Approximate Sampling using an Accelerated Metropolis-Hastings based on Bayesian Optimization and Gaussian Processes
This addresses efficiency issues in MCMC for unimodal distributions, particularly with big data, but is incremental as it builds on existing MH methods.
The paper tackles the problem of computationally expensive target distributions in Metropolis-Hastings MCMC by proposing an enhanced algorithm that uses Bayesian optimization and Gaussian processes to reduce function evaluations and improve proposal distributions, showing significant improvement over regular MH in experiments.

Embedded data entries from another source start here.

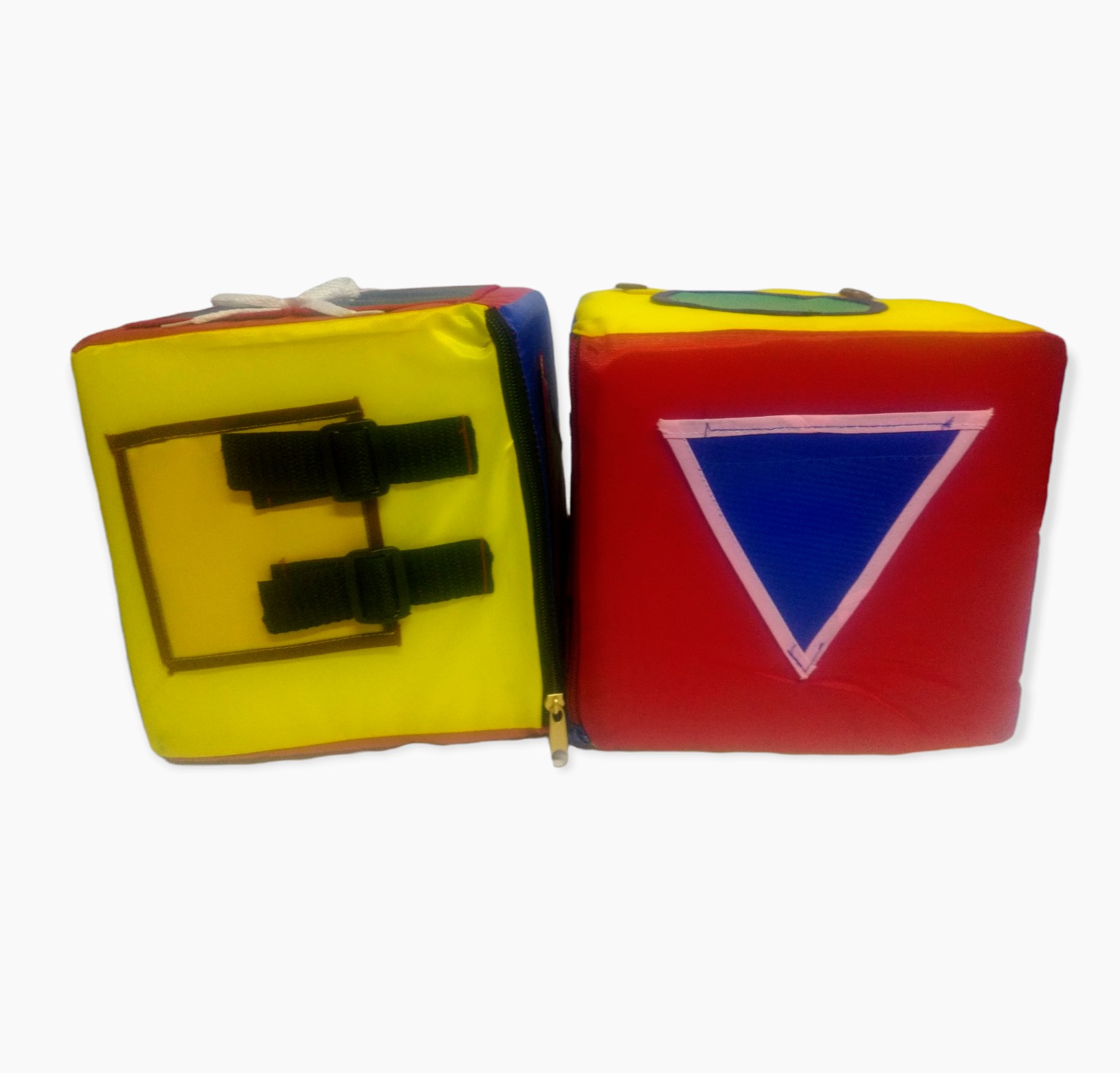 CUBOS MONTESSORI DE TELA KARVAN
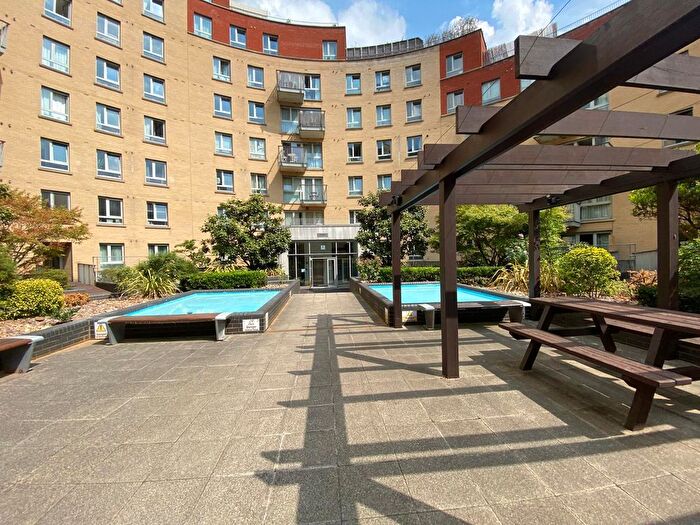 1 Bedroom Flat To Rent In Eden Grove, London, N7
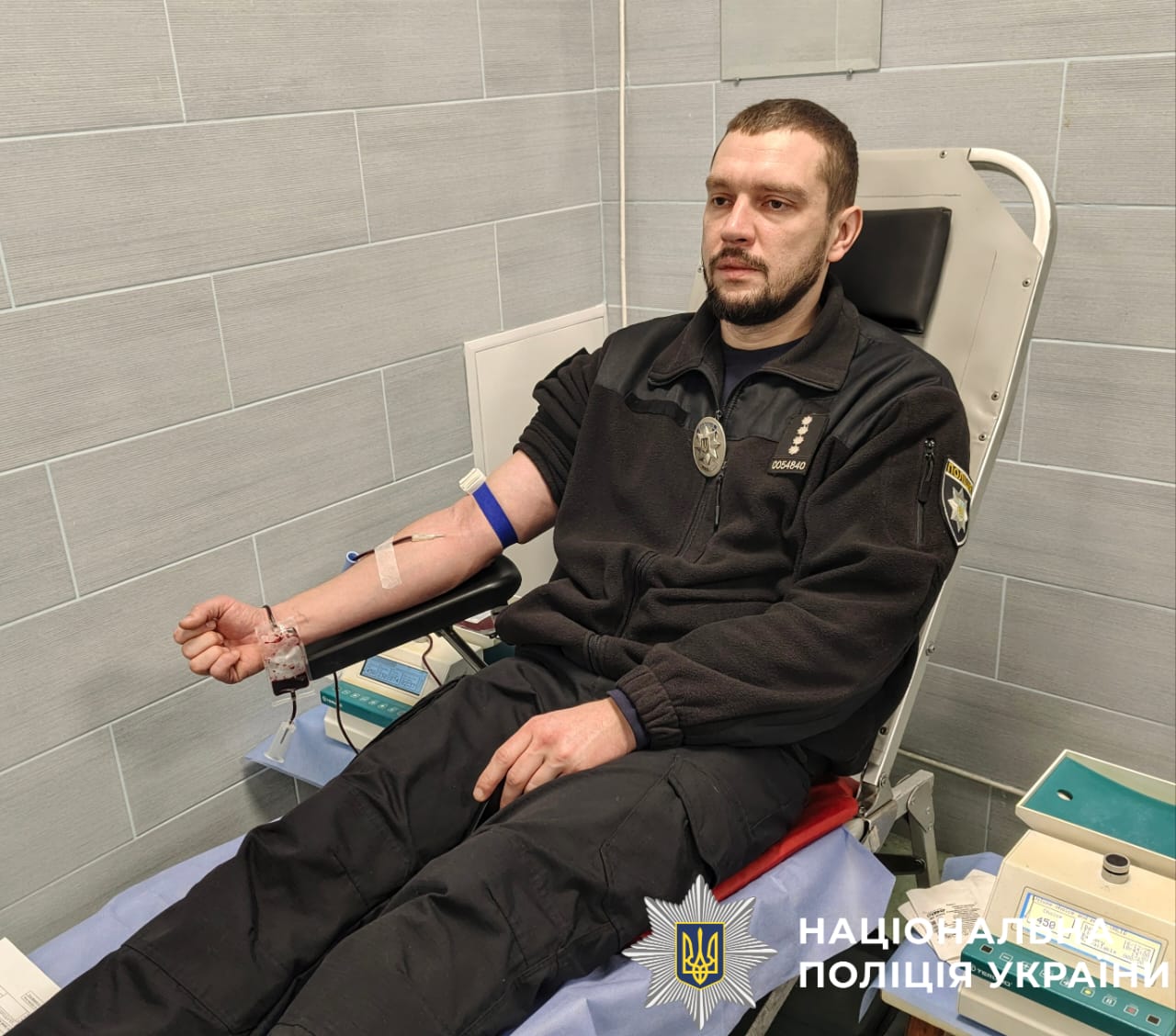 На фото зображено поліцейського підд час здачі крові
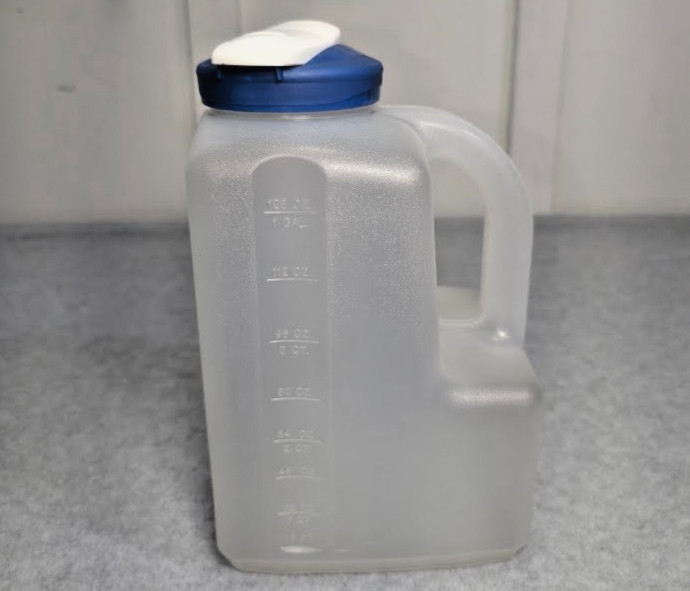 90s Rubbermaid Servin’ Saver 1 Gallon Beverage Container Jug Blue Flip Top Lid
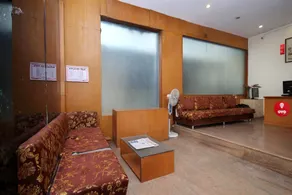 OYO The Retreat Hotel - Image 2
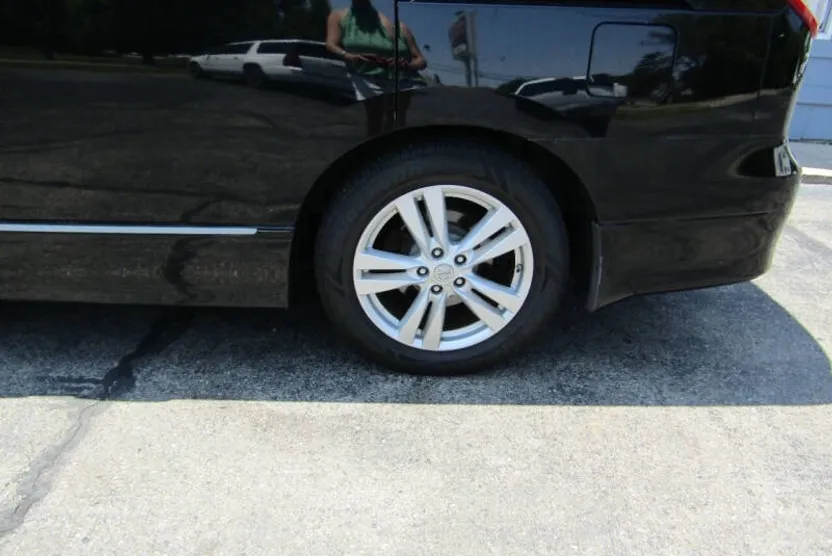 2015 Nissan Quest Platinum photo 1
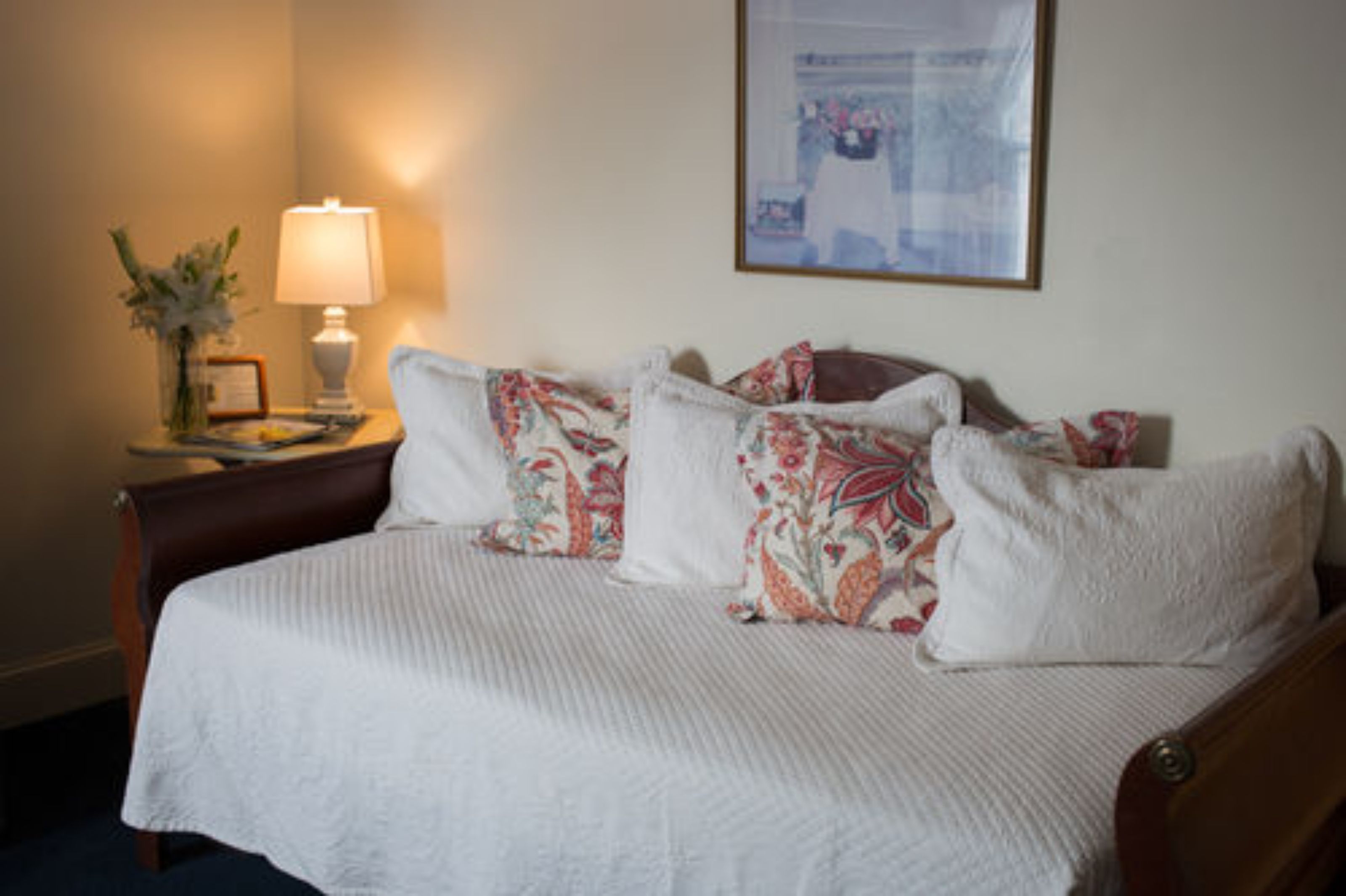 room, private bathroom (queen room) | individually decorated, individually furnished, iron/ironing board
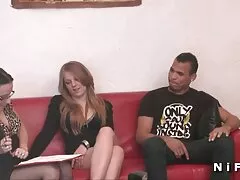 Brincalhão babe ativamente monta um pono amercano pau jovem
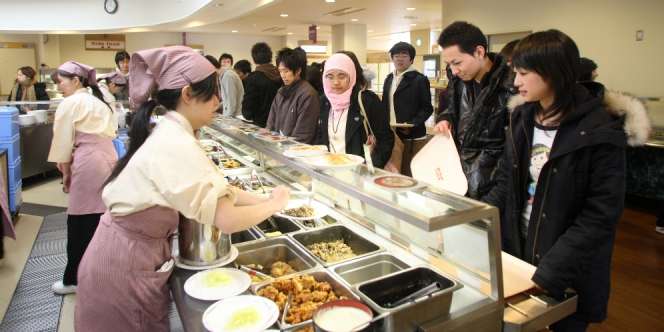 Kampus Jepang Berlomba-Lomba Buka Kantin Halal
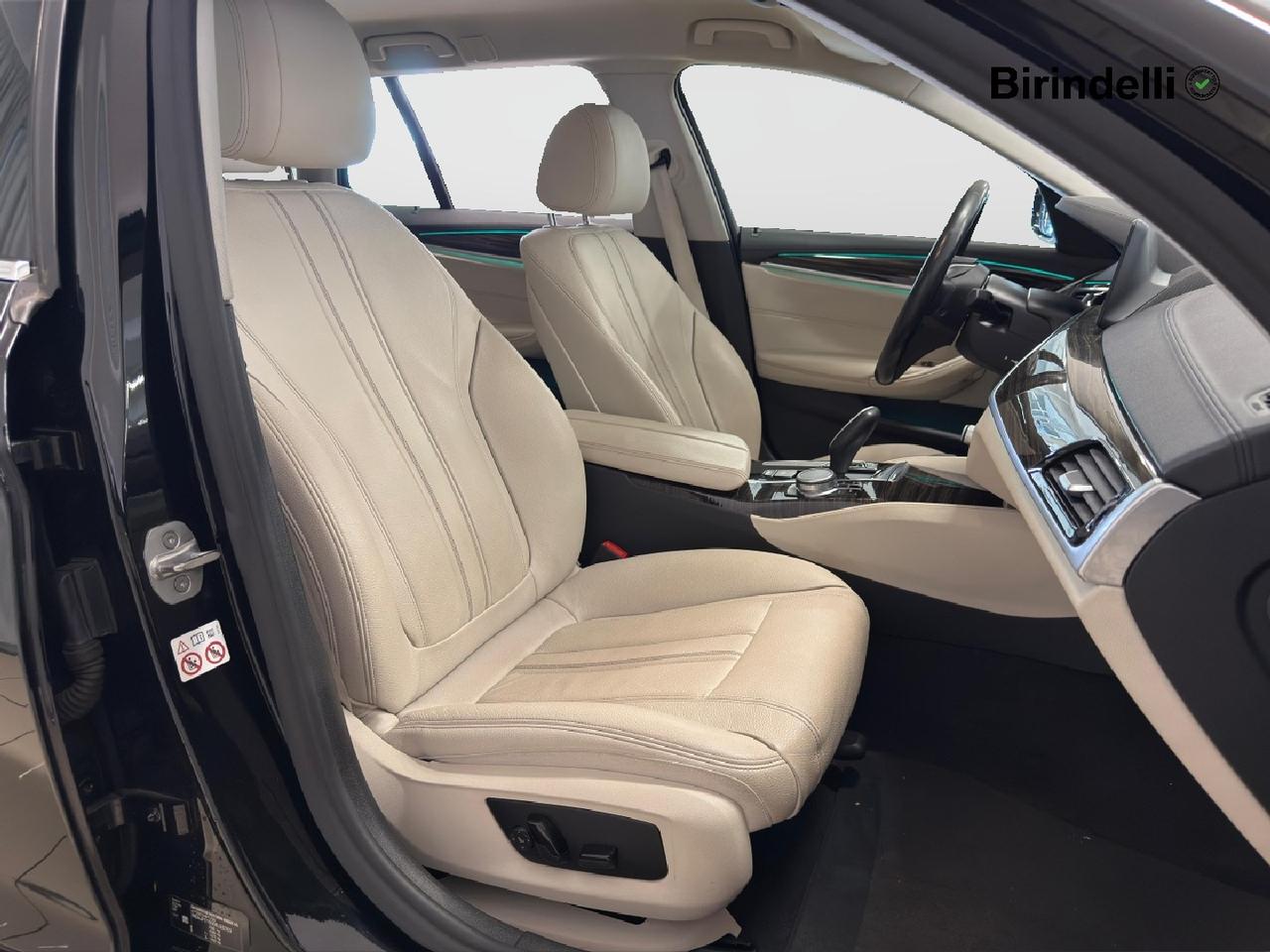 BMW Serie 5(G30/31/F90) - 518d Touring Luxury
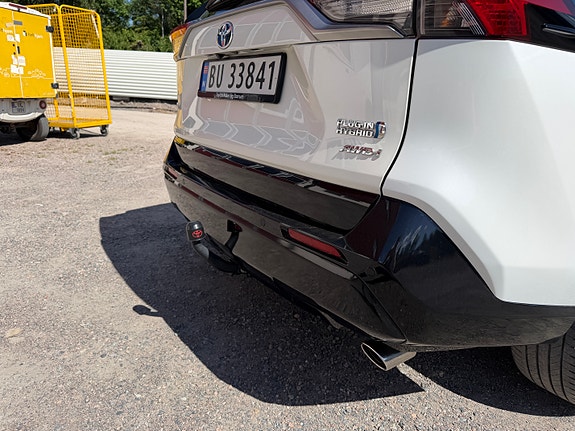 Toyota RAV4 Plug-in Hybrid 8 of 30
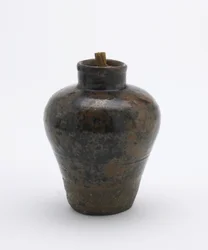 Transportador de chá, em forma de jarra, usado como garrafa para pellets de doces, prefeitura de Aichi, período Edo (cerâmica)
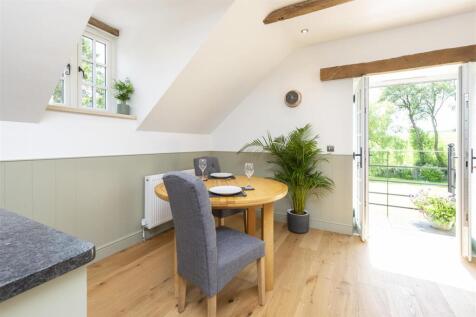 Annexe dining area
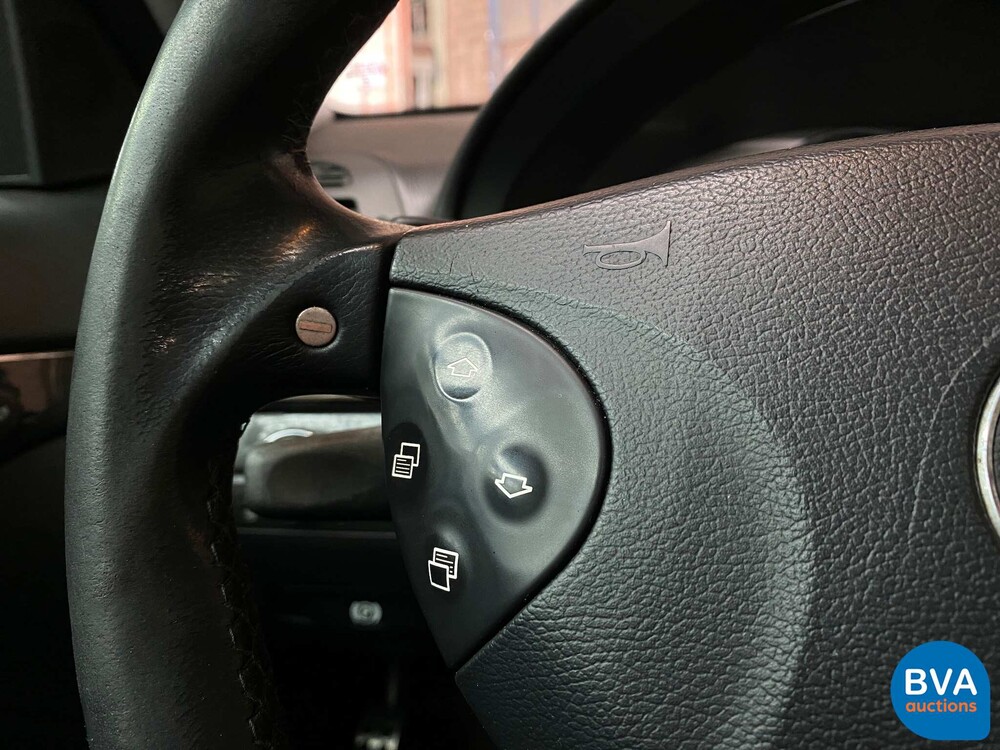 Mercedes-Benz E55 AMG 5.4 V8 E-Klasse 476pk 2003, 42-LG-GK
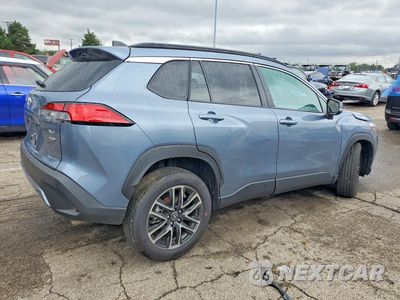 Trzecie zdjęcie samochodu z tyłu: 2026 TOYOTA COROLLA CROSS XLE VIN:7MUEAABG5TV183471 - miniatura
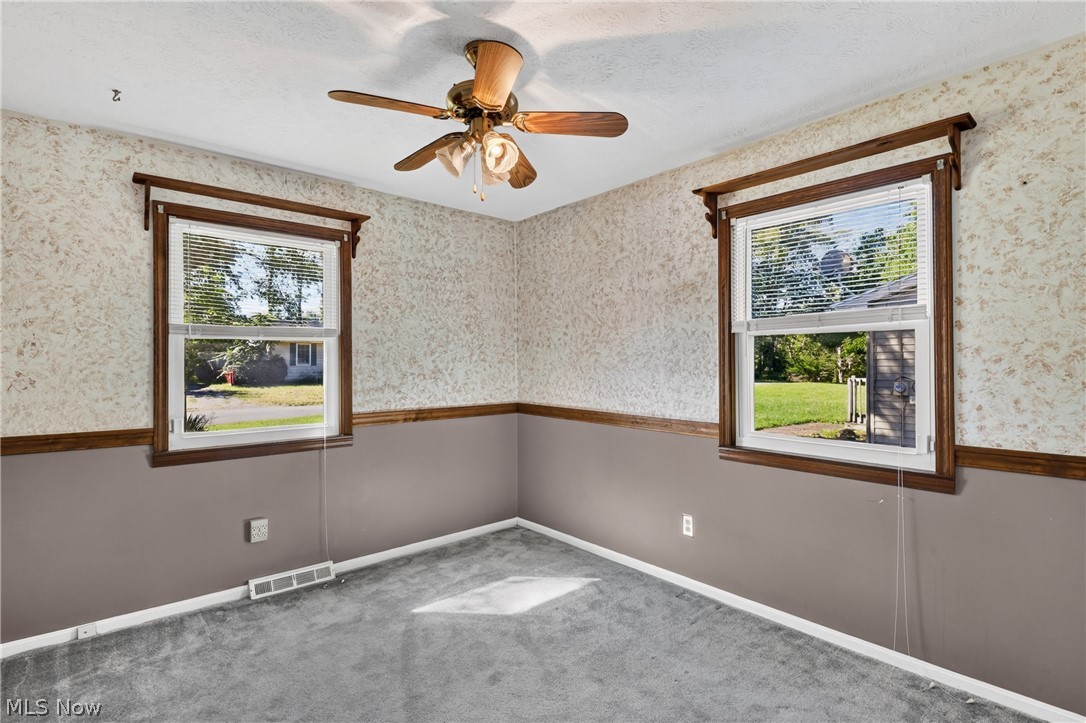 2426 Russell Avenue Youngstown OH 44509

Markov Chain Monte Carlo (MCMC) methods have a drawback when working with a target distribution or likelihood function that is computationally expensive to evaluate, specially when working with big data. This paper focuses on Metropolis-Hastings (MH) algorithm for unimodal distributions. Here, an enhanced MH algorithm is proposed that requires less number of expensive function evaluations, has shorter burn-in period, and uses a better proposal distribution. The main innovations include the use of Bayesian optimization to reach the high probability region quickly, emulating the target distribution using Gaussian processes (GP), and using Laplace approximation of the GP to build a proposal distribution that captures the underlying correlation better. The experiments show significant improvement over the regular MH. Statistical comparison between the results from two algorithms is presented.